Recently the U.S. Department of Transportation’s National Highway Traffic Safety Administration (NHTSA) issued a consumer safety advisory to alert vehicle owners and repair professionals to the growing use of counterfeit airbags.
NHTSA reports that while these airbags can look nearly identical to Original Equipment (OE) airbags, their testing has shown they consistently malfunction, with some even releasing metal shrapnel during deployment. To help determine whether your vehicle may be at risk, see NHTSA’s alert, and for more information on the potential dangers of counterfeit airbags, visit Honda’s AirbagAware website.
Another area to pay special attention as you go through the collision repair process is the possible use of salvage airbags—these are parts that have been removed from another vehicle, usually one that was considered a total loss.
Your car or truck’s airbags work in concert with airbag deployment sensors and all components of the energy absorption system to provide proper timing for their deployment when you need them. Automakers have confidence in the performance of the airbags and airbag system components they design and install in their vehicles, as they’re engineered, built and tested to work together as a system in the event of a crash.

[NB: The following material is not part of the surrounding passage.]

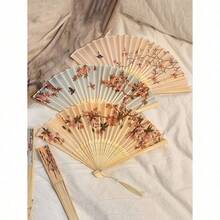 1pc Retro Folding Fans,Tassel Handheld Bamboo Fans,Haitang Fan,Bamboo Fan,Painted Fans,Foldable Hand Fan,Wedding Hand Fan,Party Hand Fan,Decorative Fan,Elegant And Casual Style, Mother's Day Gifts,Birthday Gifts,Back To School Season Gifts - 1PC - Xem 3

The use of salvage airbags is not recommended by carmakers, however (see position statements below), as many factors could affect their integrity, including weathering, removal processes and reconditioning techniques. In addition, airbags and their associated components are designed for specific vehicles, and changes can occur even within specific vehicle models due to technological improvements. This means it’s possible for a salvage airbag to fit into an inappropriate vehicle, possibly jeopardizing the integrity of the entire airbag system.
It’s not just automakers urging vehicle owners to use caution when airbags need to be replaced, however—in a Q & A document for consumers, the Insurance Institute for Highway Safety (IIHS) says, “A new replacement airbag module from the original manufacturer of the vehicle should be used for vehicles that require an airbag replacement.” It goes on to warn, “… there’s a significant possibility of a mismatch between the salvaged airbag module and the vehicle being repaired.” You can read the entire IIHS Q & A here.
As with all aspects of getting your car or truck repaired, the best advice is to ask questions of your repairer and/or insurer, and be sure you’re comfortable with the parts being used to make those repairs.